Goal of the exercise = Type out each record word for word. Pictures stay out.

Provided records =

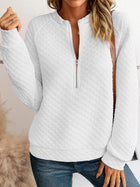 Casual Zipper Stand-Collar Hoodie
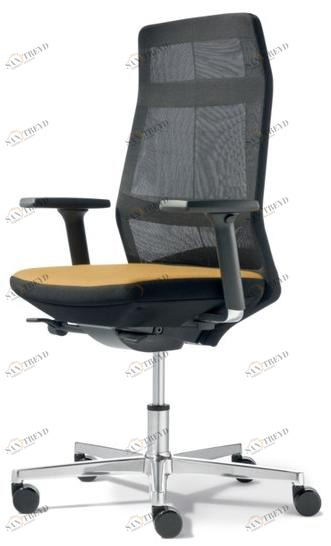 Wiesner-Hager Стул офисный вращающийся с 5 спицами и подлокотниками Ayo 5511 / 5512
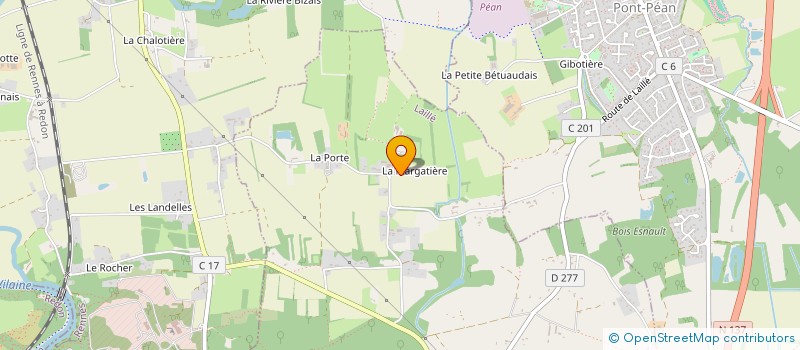 localisation de l'entreprise SAS KAODE  LAILLE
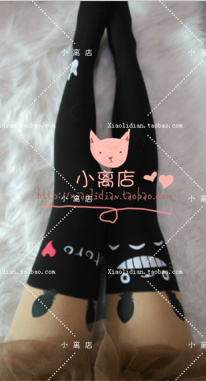 pizza-kei cute pizza kei cute fake thigh high tights trend fashion spring cute japanese japan kawaii 2013 tattoo tights printed tights totoro taobao hayao miyazaki studio ghibli merchandise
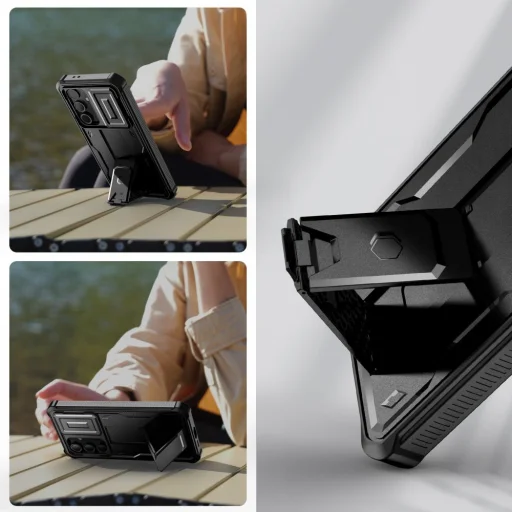 Tech-protect Kevlar Cam+ Galaxy S24 Fe Fekete Tok - 3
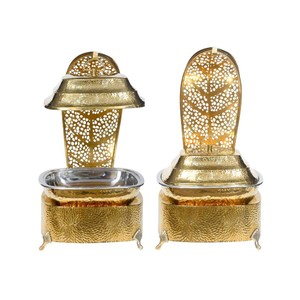 โรงแรม ร้านอาหาร บุฟเฟ่ต์ ถาดอุ่นอาหารแบบกำหนดขนาดได้ ถาดอุ่นอาหารสแตนเลสสีทอง สำหรับขายจากอินเดีย - Product Image 3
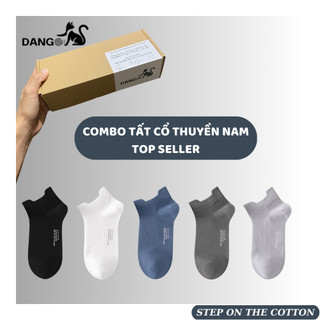 Combo 5 đôi tất (vớ) cổ thuyền nam cotton cao cấp Dango ngày năng động thoáng khí khử mùi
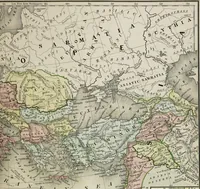 An illustration from New reference atlas for the use of colleges, libraries, families, and counting houses (1865)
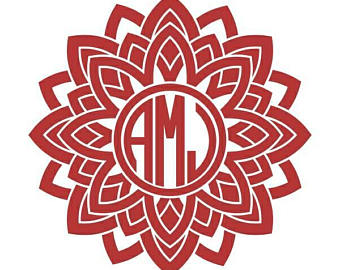 340x270 Red Mandala Etsy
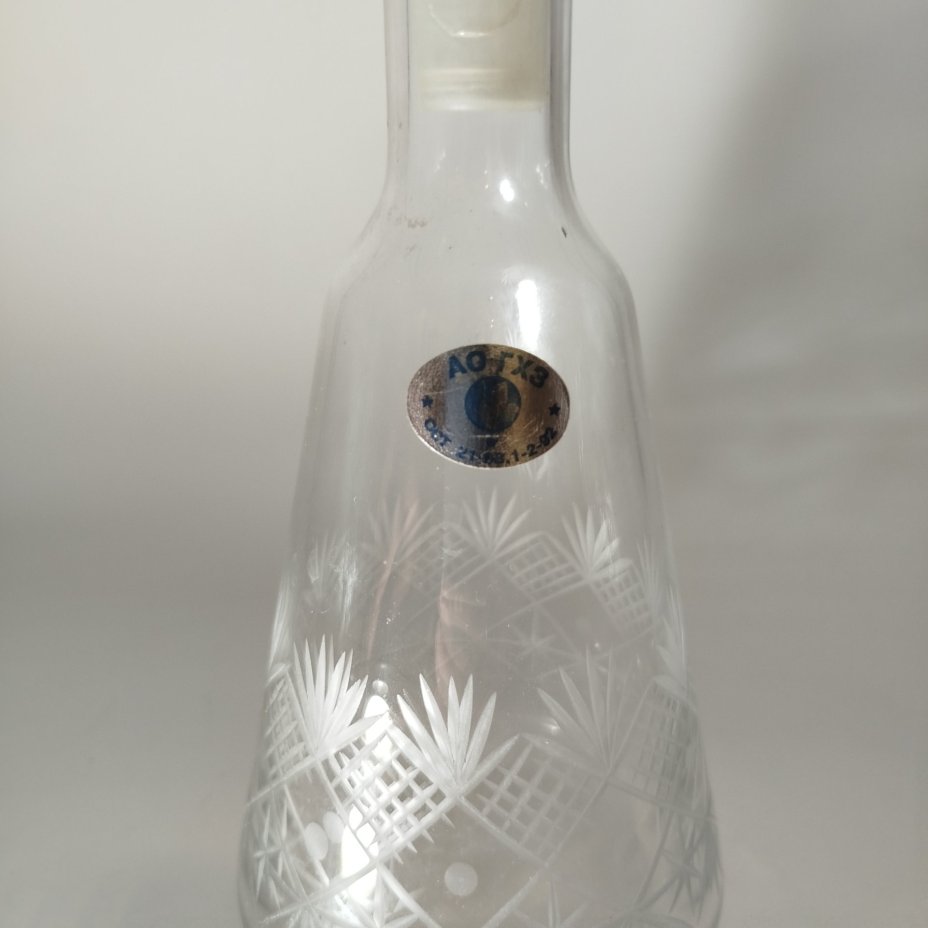 Графин/штоф с резным декором, хрусталь, алмазная грань, Гусевской хрустальный завод (Гусь-Хрустальный), Российская Федерация, 1990-2015 гг.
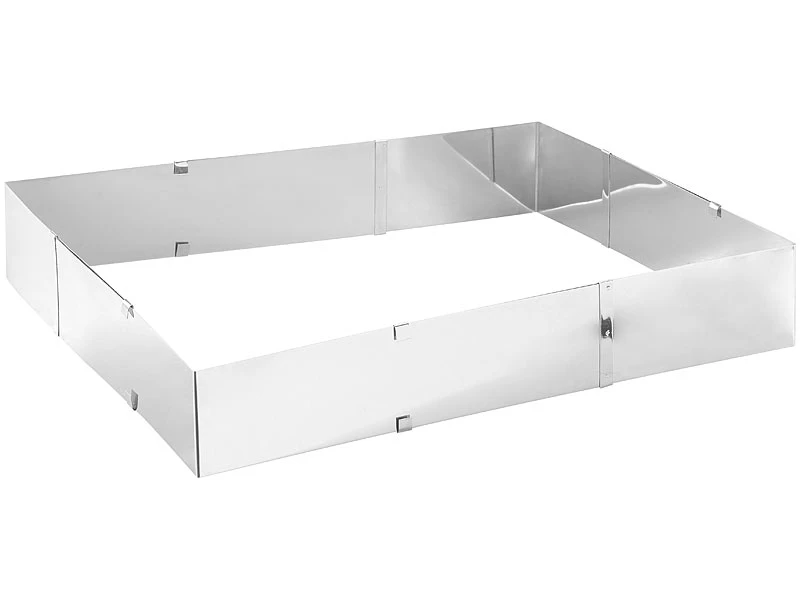 Rosenstein & Söhne Tortenring:2er-Set Edelstahl-Backrahmen, Verstellbar Auf Maximal 47 X 38 Cm 14 Rosenstein & Söhne Tortenring:2er-Set Edelstahl-Backrahmen, Verstellbar Auf Maximal 47 X 38 Cm – Bild 12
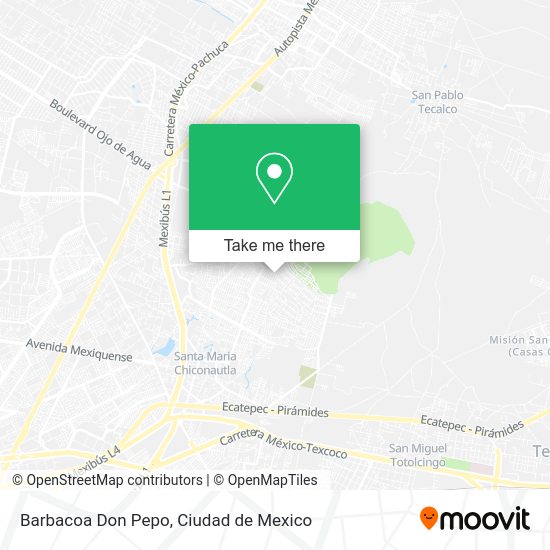 Barbacoa Don Pepo map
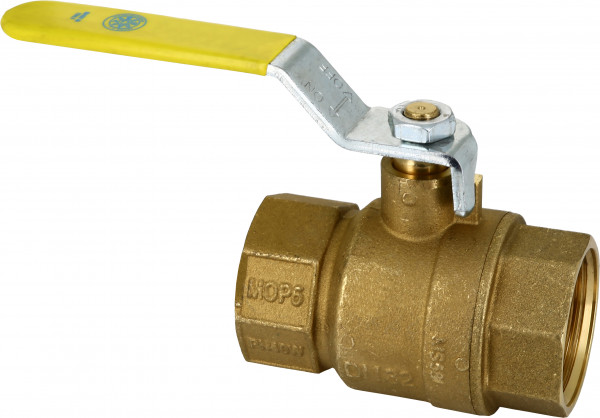 Gas valve RP 1/2" x RP 1/2" brass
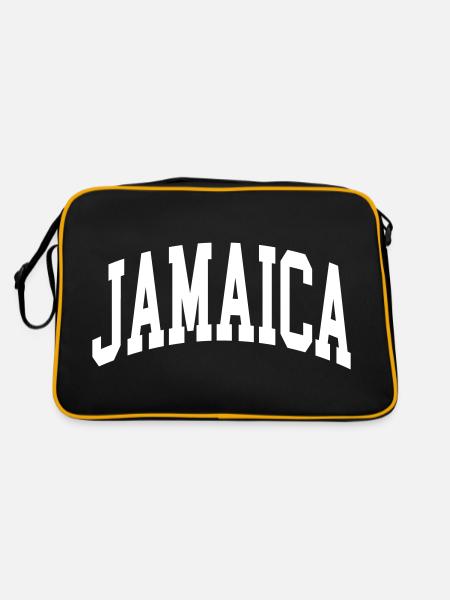 Jamaïque - Sac Retro - noir/or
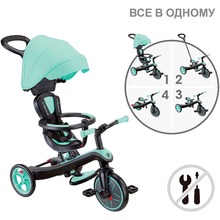 Дитячий велосипед GLOBBER EXPLORER TRIKE 4 в 1 Mint (634-206)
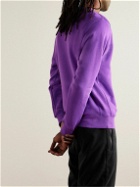 Nike - Sportswear Club Logo-Embroidered Cotton-Blend Jersey Sweatshirt - Purple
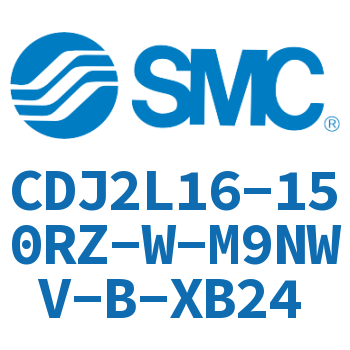 脚座型不锈钢迷你气缸 CDJ2L16-150RZ-W-M9NWV-B-XB24
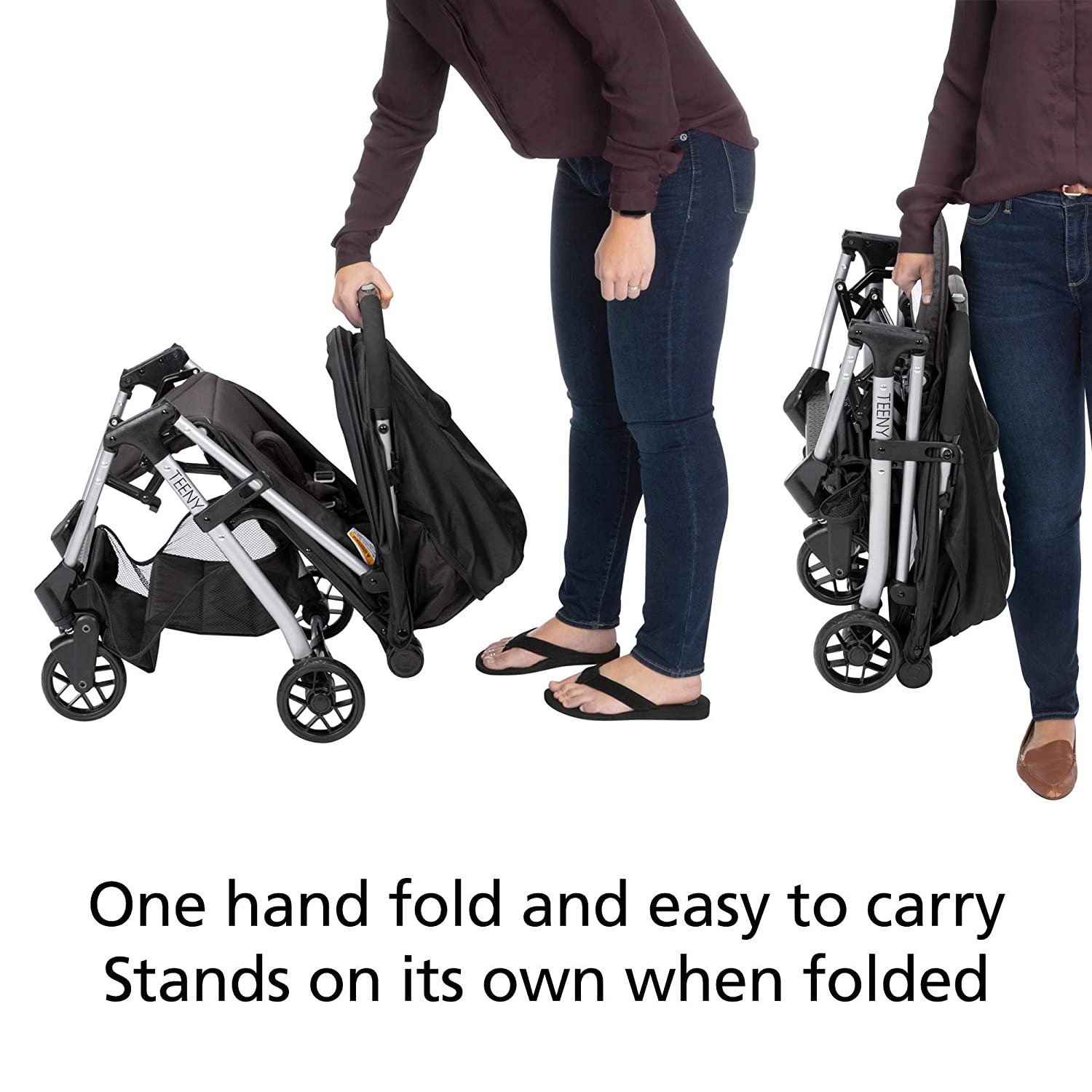 Safety 1st Teeny Ultra Compact Stroller. Black Magic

Result =
 Casual Zipper Stand-Collar Hoodie
 Wiesner-Hager Стул офисный вращающийся с 5 спицами и подлокотниками Ayo 5511 / 5512
 localisation de l'entreprise SAS KAODE  LAILLE
 pizza-kei cute pizza kei cute fake thigh high tights trend fashion spring cute japanese japan kawaii 2013 tattoo tights printed tights totoro taobao hayao miyazaki studio ghibli merchandise
 Tech-protect Kevlar Cam+ Galaxy S24 Fe Fekete Tok - 3
 โรงแรม ร้านอาหาร บุฟเฟ่ต์ ถาดอุ่นอาหารแบบกำหนดขนาดได้ ถาดอุ่นอาหารสแตนเลสสีทอง สำหรับขายจากอินเดีย - Product Image 3
 Combo 5 đôi tất (vớ) cổ thuyền nam cotton cao cấp Dango ngày năng động thoáng khí khử mùi
 An illustration from New reference atlas for the use of colleges, libraries, families, and counting houses (1865)
 340x270 Red Mandala Etsy
 Графин/штоф с резным декором, хрусталь, алмазная грань, Гусевской хрустальный завод (Гусь-Хрустальный), Российская Федерация, 1990-2015 гг.
 Rosenstein & Söhne Tortenring:2er-Set Edelstahl-Backrahmen, Verstellbar Auf Maximal 47 X 38 Cm 14 Rosenstein & Söhne Tortenring:2er-Set Edelstahl-Backrahmen, Verstellbar Auf Maximal 47 X 38 Cm – Bild 12
 Barbacoa Don Pepo map
 Gas valve RP 1/2" x RP 1/2" brass
 Jamaïque - Sac Retro - noir/or
 Дитячий велосипед GLOBBER EXPLORER TRIKE 4 в 1 Mint (634-206)
 Nike - Sportswear Club Logo-Embroidered Cotton-Blend Jersey Sweatshirt - Purple
 脚座型不锈钢迷你气缸 CDJ2L16-150RZ-W-M9NWV-B-XB24
 Safety 1st Teeny Ultra Compact Stroller. Black Magic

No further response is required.